The sleep of a laborer is sweet,
whether he eats little or much,
but the abundance of a rich man
permits him no sleep.

I have seen a grievous evil under the sun:
wealth hoarded to the harm of its owner,

or wealth lost through some misfortune,
so that when he has a son
there is nothing left for him.

Naked a man comes from his mother’s womb,
and as he comes, so he departs.
He takes nothing from his labor
that he can carry in his hand.

This too is a grievous evil:
As a man comes, so he departs,
and what does he gain,
since he toils for the wind?

All his days he eats in darkness,
with great frustration, affliction and anger.

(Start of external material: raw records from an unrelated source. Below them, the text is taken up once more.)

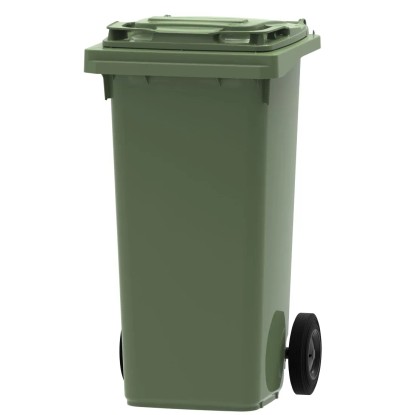 Pojemnik zielony na odpady szklane - 120 l Pojemnik zielony na odpady szklane - 120 l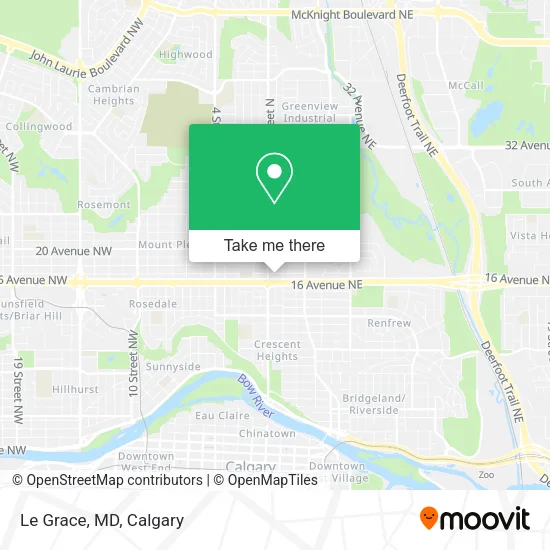 Le Grace, MD map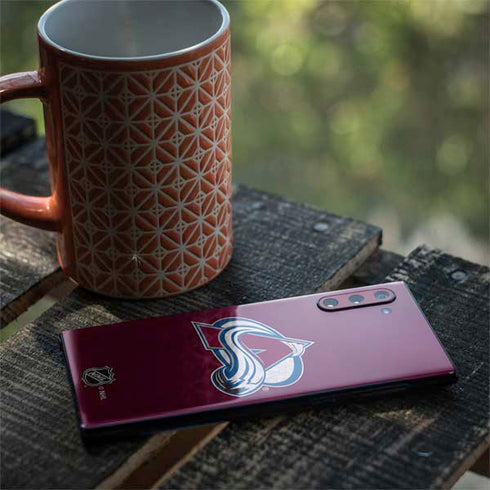 NHL Colorado Avalanche Distressed Galaxy Note 10 Skin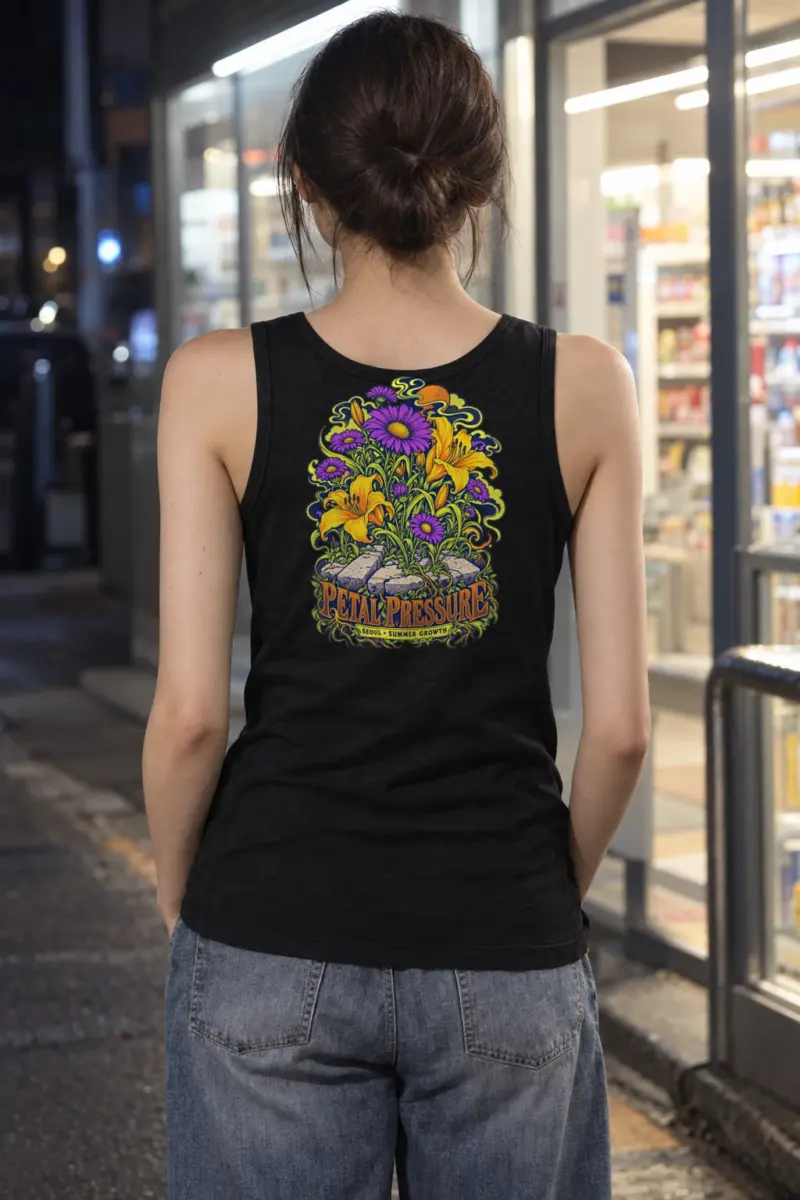 “Petal Pressure” Unisex Jersey Tank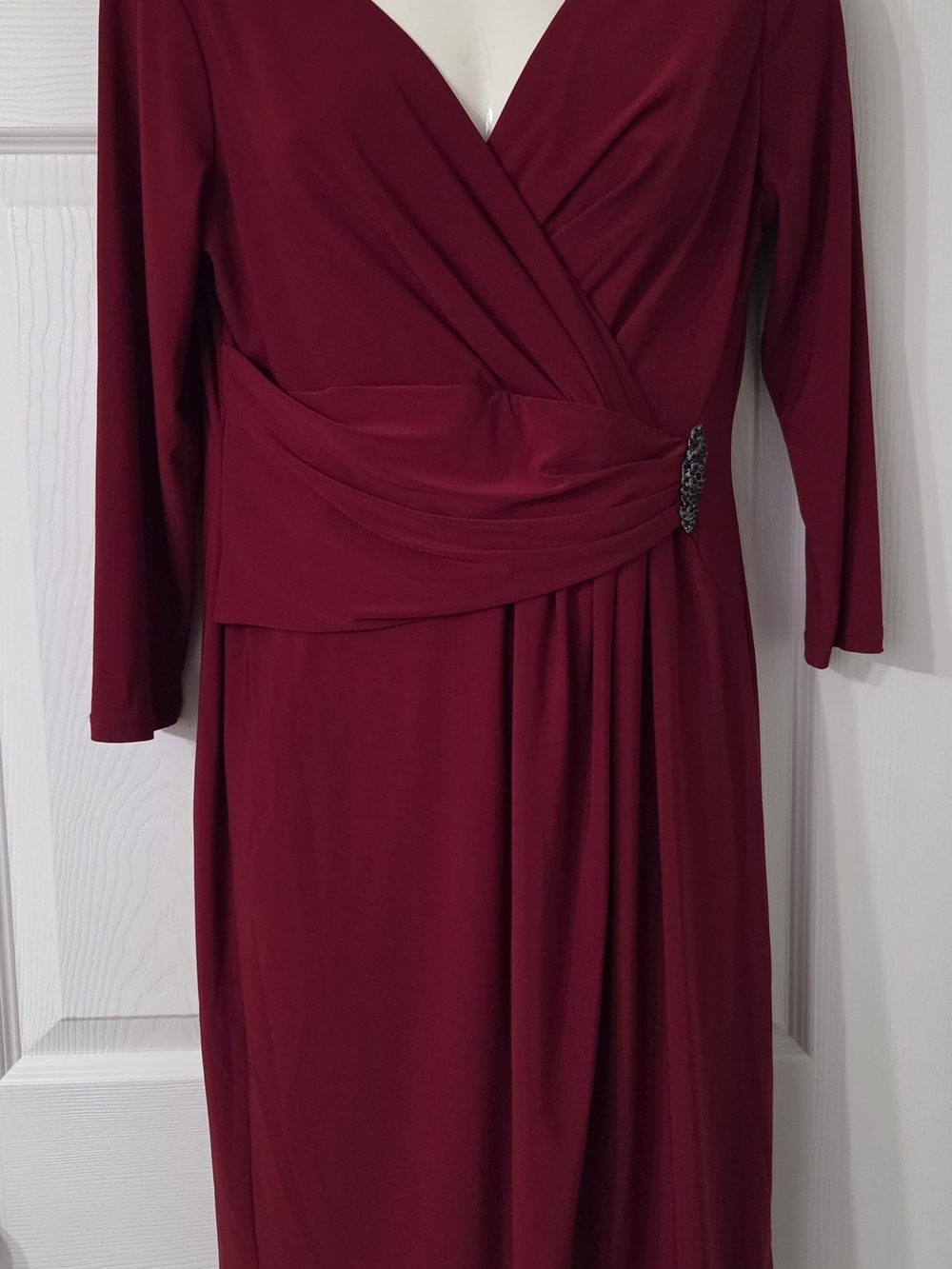 Chaps Red Dress 12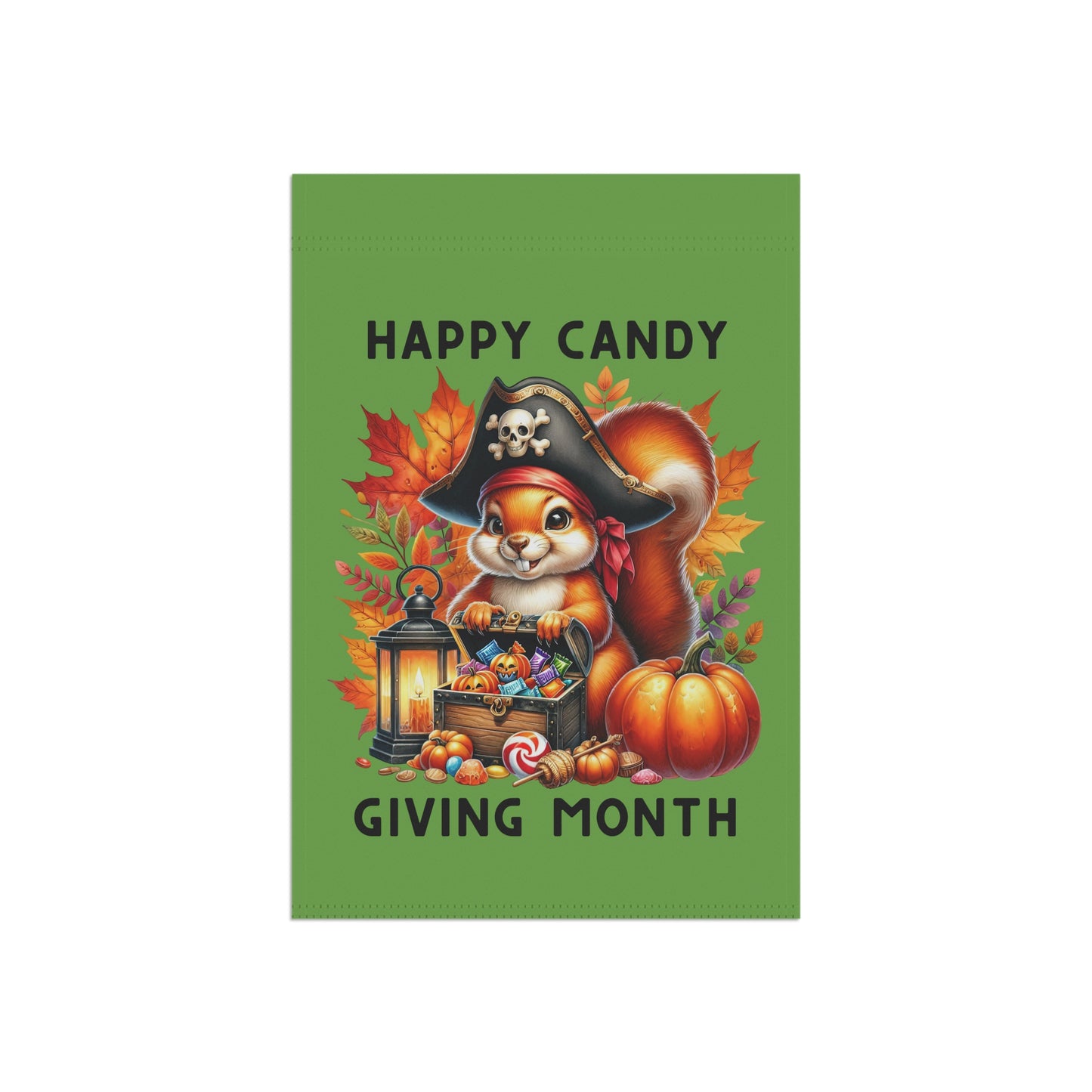 Garden Flag - Halloween - Happy Candy Giving Month (02a)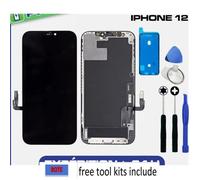 Écran LCD pour Iphone12 Remplacement de l'écran tactile Digitizer Full Assembly NOIR+ VERRE TREMPÉ +FREE TOOLS SET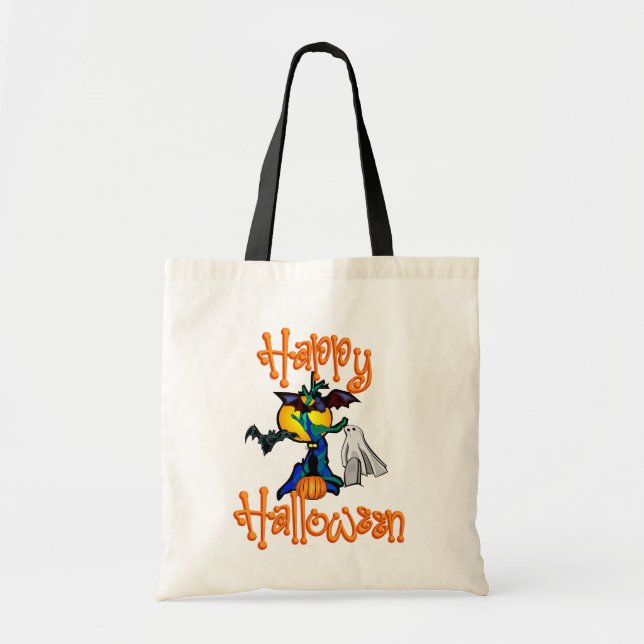 Halloween Träd Tote Bag Tygkasse (Framsidan)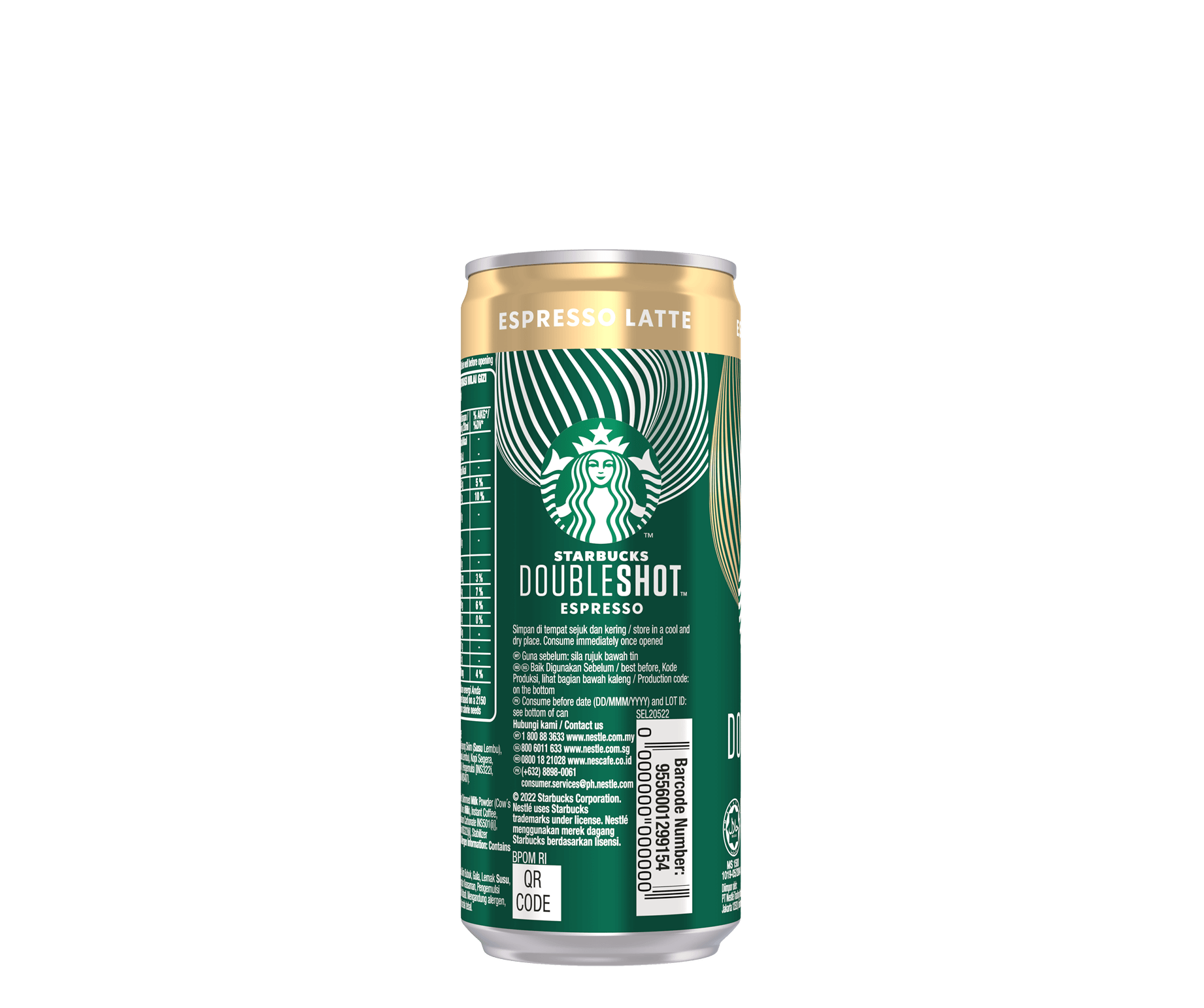 Starbucks Doubleshot™️ Espresso Latte - side view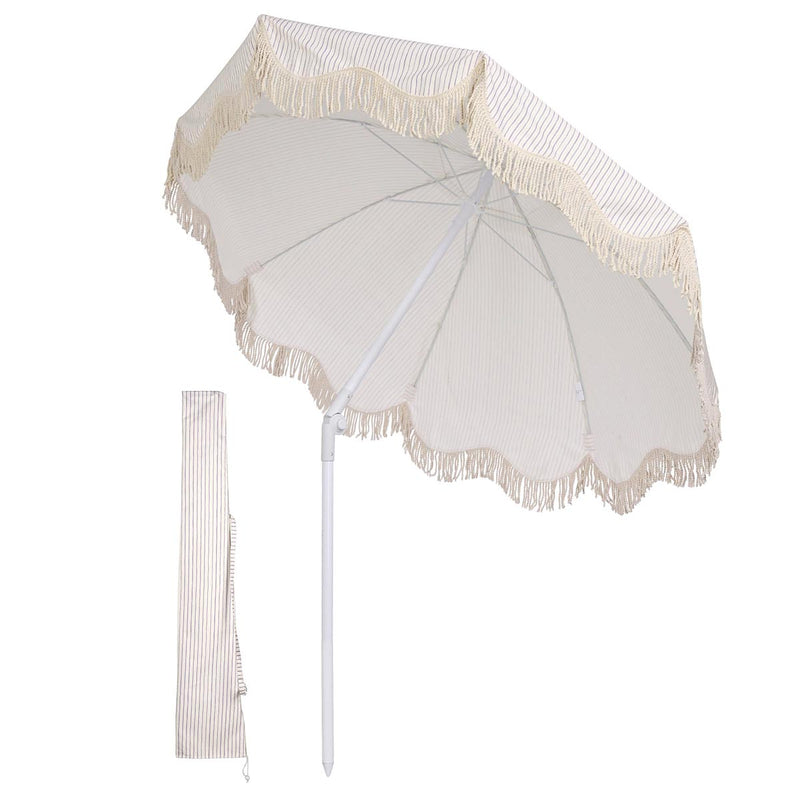 6ft Beach Umbrella for Swimming Pool Mobile Bar Cart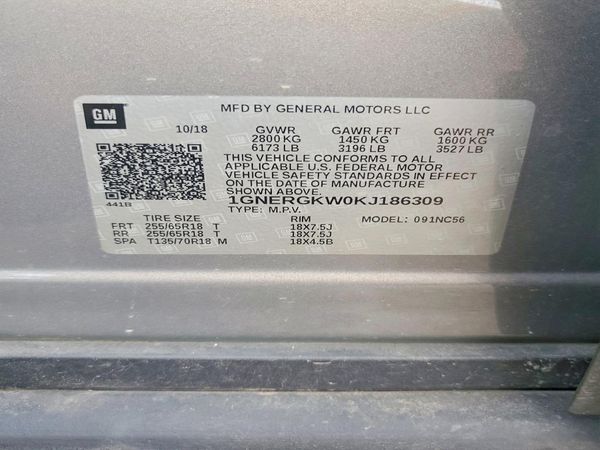 2019 CHEVROLET TRAVERSE LT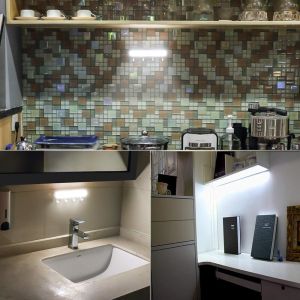 LED Under Cabinet Light, Portable LED Flashlight Night Light with Adhesive Hooks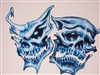 Blue Skull Mask Full color Decal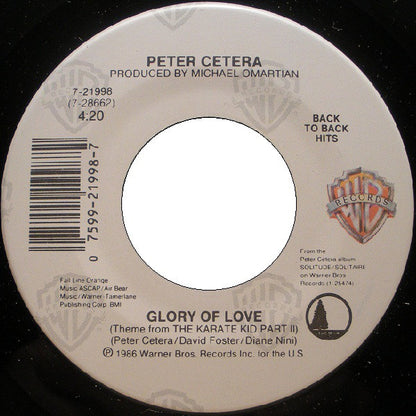 Peter Cetera W/ Amy Grant / Peter Cetera - The Next Time I Fall / Glory Of Love 14599 Vinyl Singles VINYLSINGLES.NL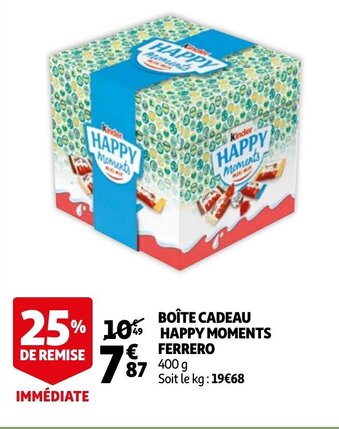 Auchan Boîte Cadeau Happy Moments offre
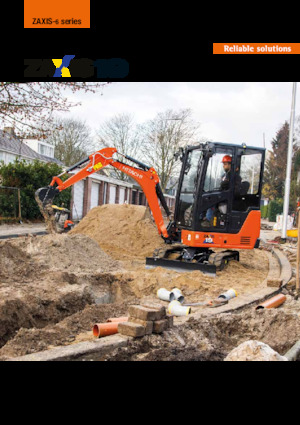 Mini excavatoare Hitachi ZX19-6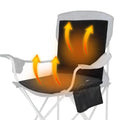Heated Seat Cushion with Backrest for Car and Camping Chairs Portable with USB Power - Image 1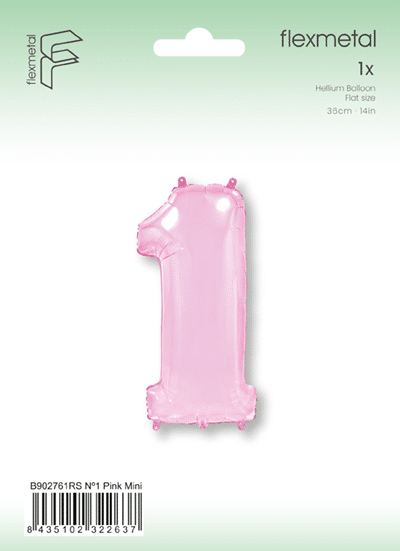 Number 1 Mini - Pastel Pink, Single Pack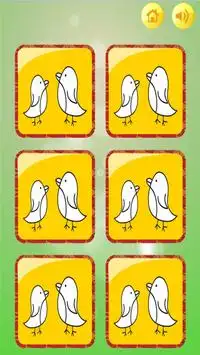 Birds Memory Card - Kids Game Screen Shot 2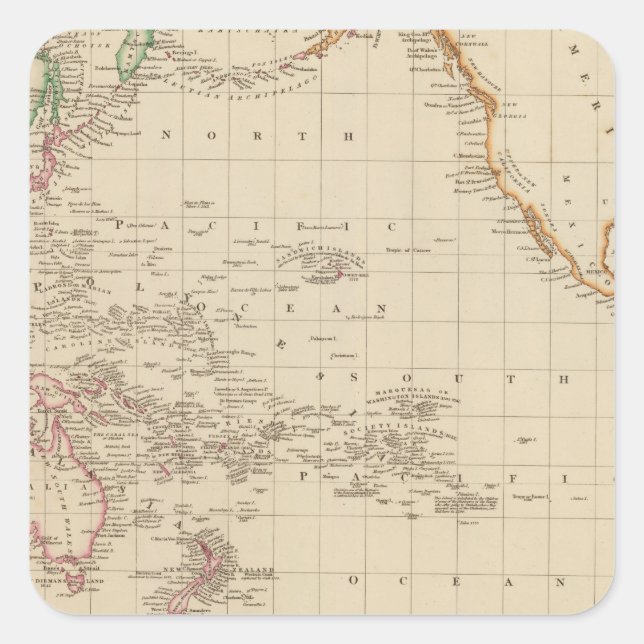 Pacific Ocean 2 Square Sticker (Front)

Then I realized that it is good and proper for a man to eat and drink, and to find satisfaction in his toilsome labor under the sun during the few days of life God has given him—for this is his lot. Moreover, when God gives any man wealth and possessions, and enables him to enjoy them, to accept his lot and be happy in his work—this is a gift of God.  He seldom reflects on the days of his life, because God keeps him occupied with gladness of heart.

(Ecclesiastes 5:8-20)

~ by John on October 20, 2009.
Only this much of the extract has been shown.